Harshvardhan Kumar

Bio: Harshvardhan Kumar is an academic researcher from National Institute of Technology Delhi. The author has contributed to research in topics: Responsivity & Photodetector. The author has an hindex of 5, co-authored 17 publications receiving 66 citations. Previous affiliations of Harshvardhan Kumar include LNM Institute of Information Technology & National Chung Cheng University.

Metal-Semiconductor-Metal GeSn Photodetectors on Silicon for Short-Wave Infrared Applications.

Abstract: Metal-semiconductor-metal photodetectors (MSM PDs) are effective for monolithic integration with other optical components of the photonic circuits because of the planar fabrication technique. In this article, we present the design, growth, and characterization of GeSn MSM PDs that are suitable for photonic integrated circuits. The introduction of 4% Sn in the GeSn active region also reduces the direct bandgap and shows a redshift in the optical responsivity spectra, which can extend up to 1800 nm wavelength, which means it can cover the entire telecommunication bands. The spectral responsivity increases with an increase in bias voltage caused by the high electric field, which enhances the carrier generation rate and the carrier collection efficiency. Therefore, the GeSn MSM PDs can be a suitable device for a wide range of short-wave infrared (SWIR) applications.

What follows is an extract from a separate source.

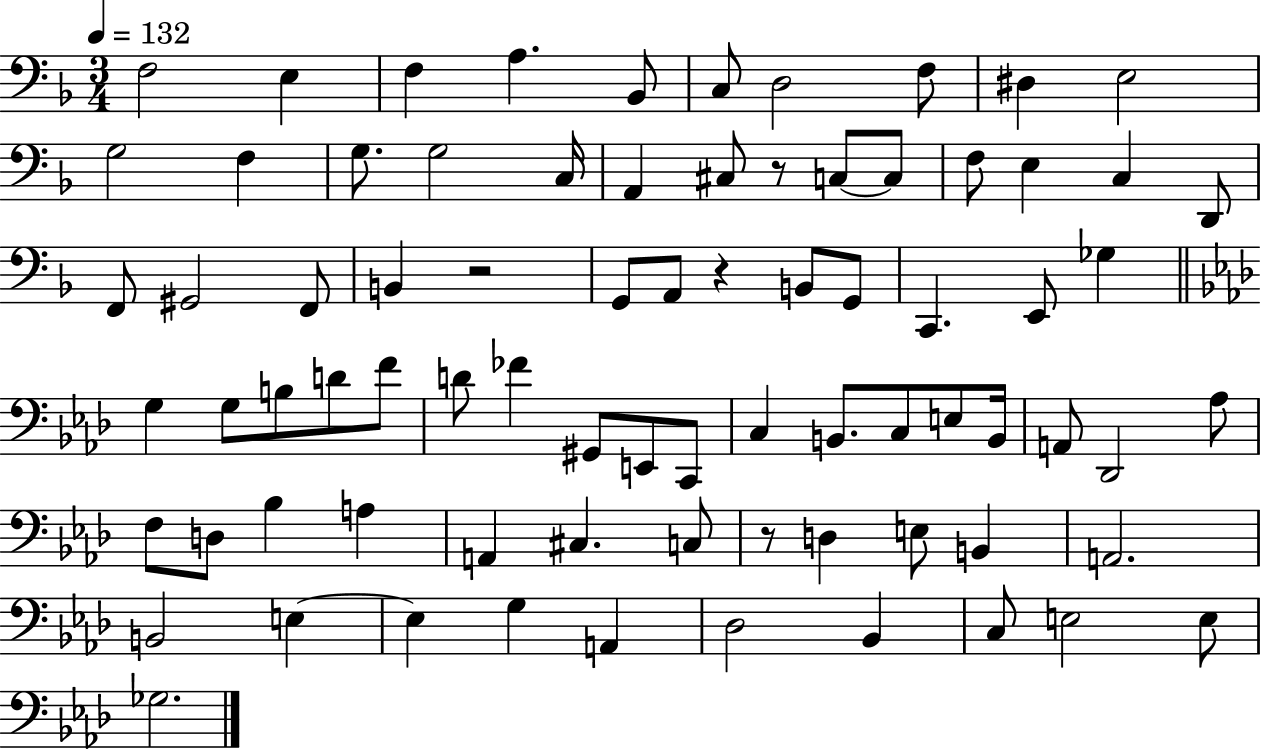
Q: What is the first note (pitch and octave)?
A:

Comprehensive Analysis and Optimal Design of Ge/GeSn/Ge p-n-p Infrared Heterojunction Phototransistors

Abstract: We present a comprehensive analysis of practical p-n-p Ge/Ge1– x Sn x /Ge heterojunction phototransistors (HPTs) for design optimization for efficient infrared detection. Our design includes a Ge1– x Sn x narrow-bandgap semiconductor as the active layer in the base layer, enabling extension of the photodetection range from near-infrared to mid-infrared to perform wide-range infrared detection. We calculate the current gain, signal-to-noise ratio (SNR), and optical responsivity and investigate their dependences on the structural parameters to optimize the proposed Ge1– x Sn x p-n-p HPTs. The results show that the SNR is strongly dependent on the operation frequency and that the introduction of Sn into the base layer can improve the SNR in the high-frequency region. In addition, the current gain strongly depends on the Sn content in the Ge1– x Sn x base layer, and a Sn content of 6%–9% maximizes the optical responsivity achievable in the infrared range. These results provide useful guidelines for designing and optimizing practical p-n-p Ge1– x Sn x HPTs for high-performance infrared photodetection.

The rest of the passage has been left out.